Kartini, Wanita dan Sebuah Buku

Diperbarui: 22 April 2016   12:05

Kompasiana adalah platform blog. Konten ini menjadi tanggung jawab bloger dan tidak mewakili pandangan redaksi Kompas.

Bagikan ide kreativitasmu dalam bentuk konten di Kompasiana | Sumber gambar: Freepik

Sosok Kartini di Indonesia sangatlah spesial. Bagaimana tidak? Hanya Kartini saja tokoh yang dijadikan simbol perjuangan kaum wanita dan hanya dirinya saja pahlawan yang diperingati kelahirannya. Jika kita lihat hari pahlawan, seharusnya bisa saja disebut hari Bung Tomo, karena dari Bung Tomo lah para prajurit bergerak melawan Belanda dan sekutu di Surabaya. Kemudian Bandung lautan api, sebenarnya bisa saja disebut hari Muhammad Toha, karena dialah yang pertama membakar markas Belanda dengan bom bunuh diri, tapi mereka semua tidak disebut namanya dalam hari itu, mereka hanya diceritakan kepahlawanan mereka pada hari itu. Bahkan mereka tidak dirayakan kelahirannya oleh Bangsa Indonesia meskipun mereka juga banyak jasanya. Bahkan Soekarno dan Moh. Hatta hari kelahirannya tidak dirayakan, hanya kartini saja yang dirayakan.

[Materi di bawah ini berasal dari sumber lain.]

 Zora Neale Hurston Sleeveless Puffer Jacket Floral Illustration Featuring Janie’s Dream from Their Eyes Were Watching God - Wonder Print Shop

Kartini juga dijadikan simbol perjuangan wanita di mana para tokoh wanita seperti Cut Nyak Dien, Cut Di Tiro, Dewi Sartika dan lain-lain ikut berjuang melawan penjajah. Bahkan Cut Nyak Dien memegang senjata melawan penjajah sehingga dirinya harus diasingkan sampai meninggal dunia. Dari situlah saya lebih senang hari Kartini disebut sebagai hari perjuangan kaum wanita.

Bisa kita lihat di beberapa literatur sejarah, Kartini adalah wanita yang melawan sistem Patriakhi (Pria harus mendominasi wanita), di mana wanita tidak diizinkan sekolah sampai tinggi, hanya tinggal dirumah dan mengurusi Kasur, Dapur dan Sumur. Di tambah Kartini hidup dalam masyarakat Jawa yang kental sistem Patriakhinya. Bayangkan saja, pada umur 12 tahun Kartini dinikahkan dan tidak boleh melanjutkan sekolah lagi, mungkin jika di zaman sekarang, seperti itu sudah kena kasus pernikahan di bawah umur dan akan dicekal oleh KPAI (komisi perlindungan anak Indonesia).

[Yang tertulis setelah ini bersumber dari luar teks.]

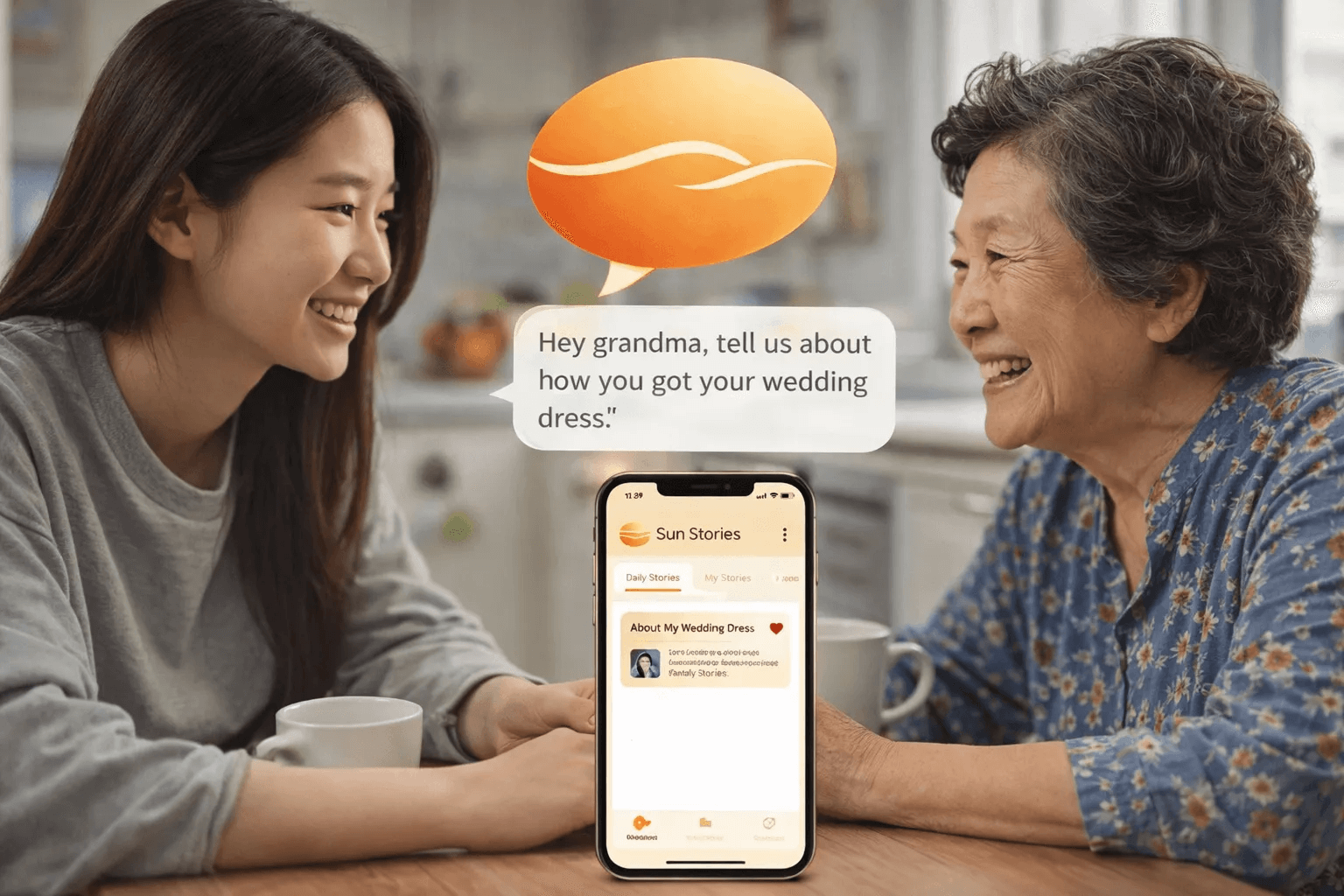 A granddaughter sending a story nudge to her grandmother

Tapi meskipun seperti itu, Kartini tidak menyerah untuk memperjuangkan hak wanita untuk bersekolah sampai tinggi. Wanita derajatnya sama dihadapan pria dalam masalah pendidikan, ekonomi, sosial dan budaya. Wanita berhak menentukan nasibnya sendiri dan berhak memilih pasangan hidupnya tanpa dipaksa. Maka bisa kita lihat, wanita mampu mendapatkan hak yang sama di mata negara, banyak para wanita yang menjadi ahli dalam berbagai bidang olahraga, politik, keagamaan, sosial dan budaya.

Tapi dibalik itu semua, ternyata perjuangan Kartini untuk membebaskan kaum wanita itu diilhami oleh surat al-Fatihah. Suatu ketika Kartini mengaji kepada KH. Soleh Darat, di mana dia menjelaskan tafsir surat al-fatihah. Kartini langsung tertegun dan kagum bahwa ternyata surat al-Fatihah mengandung makna yang luas. Al-fatihah artinya pembebasan dan pembuka, dimana kaum wanita harus terbebas dari belenggu kebodohan. Maka surat yang dia tulis “Habis gelap terbitlah terang” itu terilhami oleh kalimat al-Quran “Minadzulumati Ilanuur” (Dari kegelapan menuju terang benderang). Nah dari bukulah nama Kartini menjadi harum dan abadi, karena mungkin umur akan habis tapi tulisan akan terus abadi dan akan terus dibaca oleh setiap orang.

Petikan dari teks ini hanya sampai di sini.